In further investigation of the murky issue of biomass energy use when regarded as a component of the carbon cycle we confront the topic of land use change. In any examination of the industry generally, this is the fundamental motivation that must be upheld, and the underlying purpose of these various initiatives. Given that the conversion of forests to other land uses is responsible for around 10% of net global carbon emissions (equivalent to the global transport sector, not including shipping or aviation), we are presented with the question of how biomass energy use relates to the carbon cycle.

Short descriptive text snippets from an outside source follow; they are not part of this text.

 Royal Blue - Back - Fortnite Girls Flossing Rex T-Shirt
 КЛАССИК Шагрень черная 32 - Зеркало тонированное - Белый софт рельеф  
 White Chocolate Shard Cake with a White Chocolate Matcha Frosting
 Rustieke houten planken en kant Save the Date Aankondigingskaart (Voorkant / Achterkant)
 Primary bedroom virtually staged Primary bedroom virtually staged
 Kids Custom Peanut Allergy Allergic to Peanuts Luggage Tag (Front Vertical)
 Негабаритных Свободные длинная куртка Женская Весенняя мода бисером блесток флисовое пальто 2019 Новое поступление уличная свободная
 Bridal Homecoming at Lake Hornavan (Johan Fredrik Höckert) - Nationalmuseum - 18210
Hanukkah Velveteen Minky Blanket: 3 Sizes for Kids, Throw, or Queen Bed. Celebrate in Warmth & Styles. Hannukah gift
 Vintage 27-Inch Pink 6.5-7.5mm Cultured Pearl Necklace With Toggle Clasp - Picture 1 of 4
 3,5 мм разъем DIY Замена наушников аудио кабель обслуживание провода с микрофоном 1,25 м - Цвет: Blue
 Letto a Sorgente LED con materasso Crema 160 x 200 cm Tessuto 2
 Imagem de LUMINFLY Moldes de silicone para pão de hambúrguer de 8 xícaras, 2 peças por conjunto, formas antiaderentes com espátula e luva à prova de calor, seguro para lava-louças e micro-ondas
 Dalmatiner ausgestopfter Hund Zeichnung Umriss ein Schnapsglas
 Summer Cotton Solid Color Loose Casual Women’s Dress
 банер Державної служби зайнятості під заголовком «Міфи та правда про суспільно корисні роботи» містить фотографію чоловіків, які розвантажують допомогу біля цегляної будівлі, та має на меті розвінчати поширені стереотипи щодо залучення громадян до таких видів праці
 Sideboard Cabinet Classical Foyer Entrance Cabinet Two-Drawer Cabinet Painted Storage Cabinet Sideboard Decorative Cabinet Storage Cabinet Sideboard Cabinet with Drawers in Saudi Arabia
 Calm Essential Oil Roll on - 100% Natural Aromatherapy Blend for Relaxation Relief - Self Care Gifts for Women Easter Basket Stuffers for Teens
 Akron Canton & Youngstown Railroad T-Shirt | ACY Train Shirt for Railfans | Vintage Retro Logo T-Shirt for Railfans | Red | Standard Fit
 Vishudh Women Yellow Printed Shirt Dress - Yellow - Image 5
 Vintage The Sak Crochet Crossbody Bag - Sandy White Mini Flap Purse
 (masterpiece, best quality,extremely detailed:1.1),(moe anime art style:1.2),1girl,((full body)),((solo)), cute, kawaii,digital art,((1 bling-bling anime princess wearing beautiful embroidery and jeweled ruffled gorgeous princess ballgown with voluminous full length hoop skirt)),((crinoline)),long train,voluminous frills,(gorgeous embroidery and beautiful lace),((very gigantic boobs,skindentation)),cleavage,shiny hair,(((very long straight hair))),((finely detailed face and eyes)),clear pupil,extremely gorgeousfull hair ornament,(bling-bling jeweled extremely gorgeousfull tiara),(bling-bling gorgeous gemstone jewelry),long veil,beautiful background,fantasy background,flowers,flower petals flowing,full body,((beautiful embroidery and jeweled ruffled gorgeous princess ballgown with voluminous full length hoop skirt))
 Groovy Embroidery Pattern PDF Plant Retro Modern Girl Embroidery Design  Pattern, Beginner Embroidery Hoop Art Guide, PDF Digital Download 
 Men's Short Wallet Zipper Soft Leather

The complexity lies in the definition of forested land, and the method of deforestation – only land that was previously unforested can legitimately be called carbon neutral as the deforestation of previously natural forest lands will take somewhere in the region of 70+ years to re-sequester the lost carbon; with the result that within the context of climate change, the net neutrality of the burned carbon stock is meaningless – whatever carbon emissions released will not stop the associated temperature rises that will start to cause the most harm by 2070-2080, when bio-systems will begin to shut down en masse. There could be associated droughts which could bring much more rapid destruction to forested areas, as we are already seeing due to wildfires and disease from California to Siberia. The trivial savings made by subsidising biomass energy supply are therefore not worth the damage that the medium-term increased carbon emissions will inflict. In this sense, the need to substitute fossil fuel because of the long term (permanent) carbon damage it inflicts, cannot be substituted by the medium-term damage caused by increased biomass energy use. There is one caveat, and that is if an area the size of the previously natural forest were to be grown alongside the area now given over to logging. Logging in itself is a form of sequestering carbon, and does not need as much legislation – it is the use of natural forest carbon stock as an energy feedstock that is clearly not carbon-neutral within a relevant timescale, as proposed by any expansionist biomass energy policy.